The demands were spelt out after the new junta released ousted president Ibrahim Boubacar Keita, seized in the August 18 coup, but also apparently granted their new chief the powers of head of state.
The coup shocked Mali’s West African neighbours and ally France, heightening worries over instability in a country already struggling with an Islamist insurgency, ethnic violence and economic stagnation.
After a video summit, the 15-nation Economic Community of West Africa State called on the junta “to initiate a civil transition immediately” and the “rapid establishment of a government to (…) prepare the legislative and presidential elections within 12 months.”
In a closing statement, Niger President Mahamadou Issoufou, who also chairs ECOWAS, said sanctions would be “gradually lifted depending on the implementation” of the bloc’s requests.
“Staging coups is a serious sickness for a country,” he said in earlier remarks. “To cure them, there’s only one prescription: sanctions.”
ECOWAS slapped sanctions on Mali after the August coup, including a closure of borders and ban on trade and financial flows.
It demanded the release of Keita and other detained leaders and insisted on a swift return to civilian rule.
Keita, 75, was elected in 2013 as a unifying figure in a fractured country and was returned in 2018 for a second five-year term.
But his popularity crashed as he failed to counter the country’s raging jihadist insurgency and brake Mali’s downward economic spiral.
After an escalating series of mass protests, young army officers mutinied on August 18, seizing Keita and other leaders and declaring they now governed the country.
They have called the junta the National Committee for the Salvation of the People (CNSP), led by a 37-year-old colonel, Assimi Goita.
Friday’s video summit came after a three-day ECOWAS visit foundered over a timetable for civilian transition, and the junta’s announcement on the eve of the conference that Keita had been freed.
Issoufou said Keita had told the ECOWAS envoys “that he resigned quite freely, convinced that this decision was necessary for peace and stability in Mali.”
Handover issue
Within hours of taking control, the junta promised to enact a political transition and stage elections within a “reasonable time.”
According to the chief ECOWAS envoy, former Nigerian president Goodluck Jonathan, the coup leaders wanted a three-year handover period.
This was rejected by the ECOWAS team, which called for an interim government, “headed by a civilian or retired military officer, to last for six or nine months, and maximum of 12 calendar months,” Jonathan said on Wednesday.
ECOWAS on Friday said that the person overseeing the handover should be “an individual, civilian, recognised… for their intellectual and moral standing” and that there should be a “civilian prime minister.”
“No military structure should be above the transition president,” it said.
But a new document posted on Mali’s Official Journal, a gazette which publishes new laws and regulations, invests the head of the CNSP with the powers of the head of state.
Named “Basic Act N°001/CNSP,” the document was posted online on Thursday.
The CNSP “designates a president who assures the duty of the head of state… embodying national unity… and guaranteeing national independence, territorial integrity… (and) respect for international agreements,” it says.
This individual appoints senior civil servants and military and “accredits” foreign ambassadors, according to the document.

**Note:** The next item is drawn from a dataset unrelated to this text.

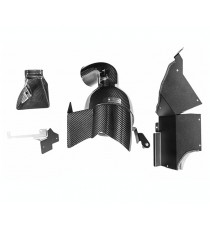 Eventuri | Aspirazione in Carbonio per BMW Serie 1 / Serie 2 / Serie 3 / M140i B58 / M240i B58 / M340i B58 Eventuri | Aspirazione in Carbonio per BMW Serie 1 / Serie 2 / Serie 3 / M140i B58 / M240i B58 / M340i B58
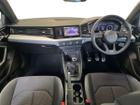Audi A1 Photo 7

AFP has asked the junta’s spokesman to confirm its authenticity.
Jihadist warning
In other remarks, Issoufou lashed the Malian military for launching the coup when the country was in the throes of an eight-year-old jihadist insurgency.

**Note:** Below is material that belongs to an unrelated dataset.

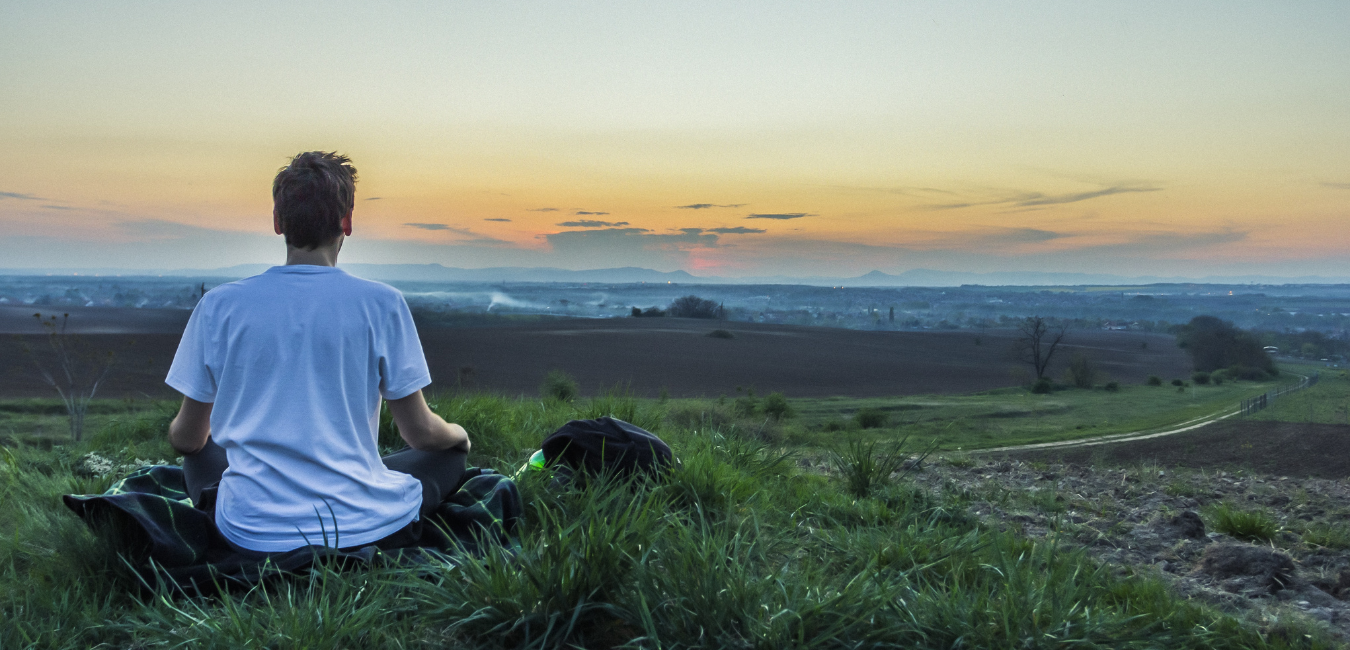 Se détendre à la rentrée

Thousands of lives have been lost, hundreds of thousands of people have fled their homes and swathes of the country have been abandoned to armed Islamists by the state.
The junta “is refusing to return to the barracks at a time when, more than ever, the army is required to focus on its traditional mission,” Issoufou said.
He warned that the jihadists sought to “exploit the current institutional void” — a scenario that happened after Mali’s last coup in 2008.